• [What the task asks]:
The needed output is the run of lines below from the one containing "Pie chart of" through the one containing "An inverted pyramid", copied exactly and free of pictures.

• [Data extract]:
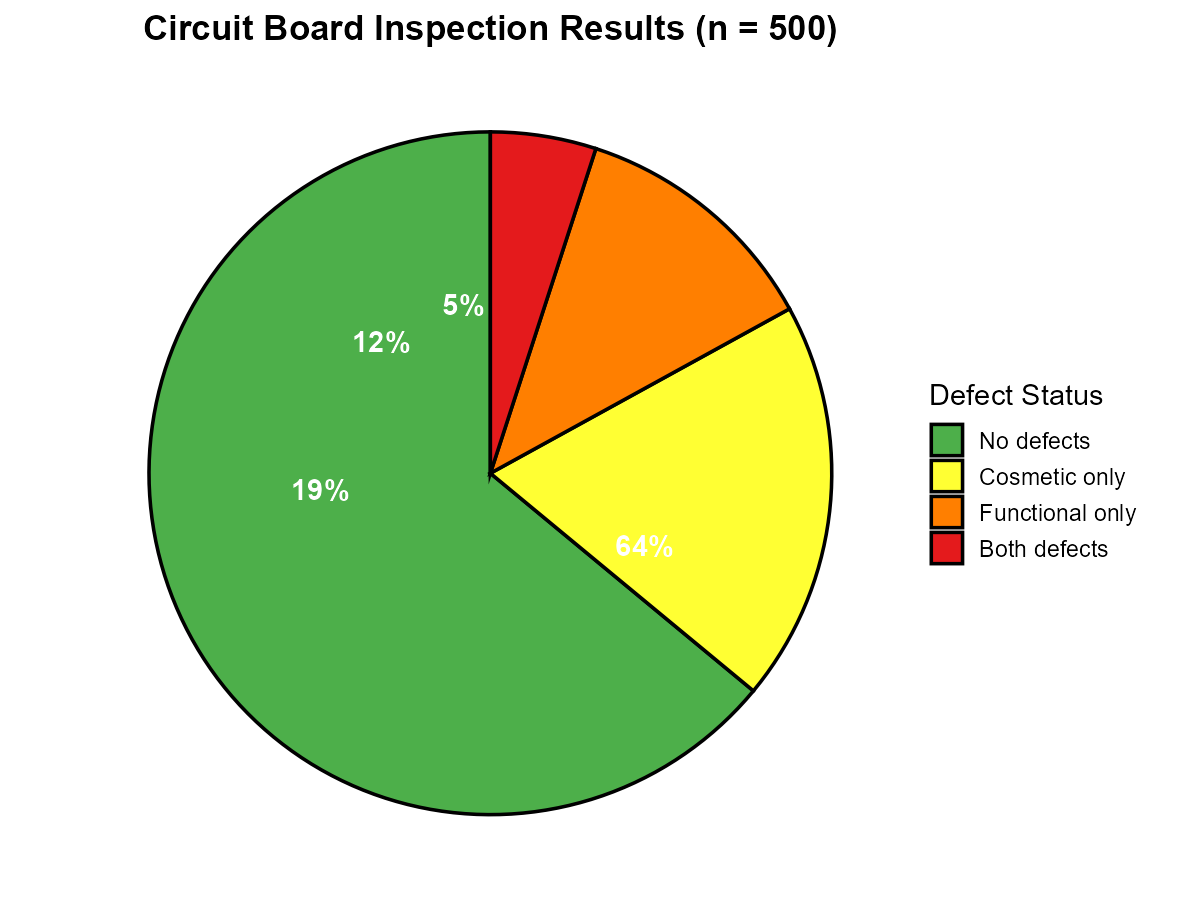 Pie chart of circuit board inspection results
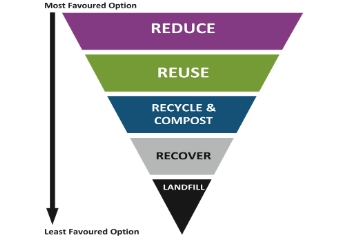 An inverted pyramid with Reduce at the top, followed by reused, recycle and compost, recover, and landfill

--

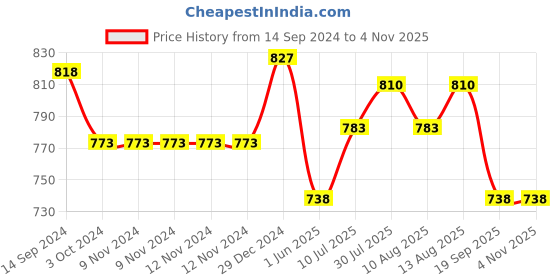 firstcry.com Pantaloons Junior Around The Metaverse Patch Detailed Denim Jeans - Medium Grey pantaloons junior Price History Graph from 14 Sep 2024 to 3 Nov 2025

* * *

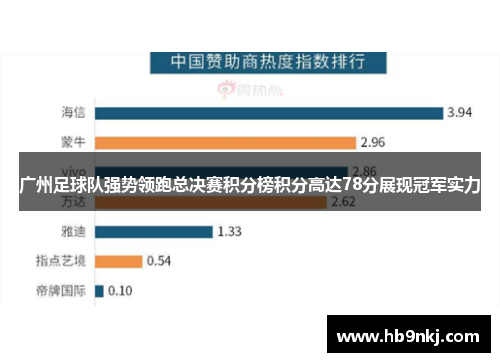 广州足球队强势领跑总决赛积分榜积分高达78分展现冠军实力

• [Expected answer]:
 Pie chart of circuit board inspection results
 An inverted pyramid with Reduce at the top, followed by reused, recycle and compost, recover, and landfill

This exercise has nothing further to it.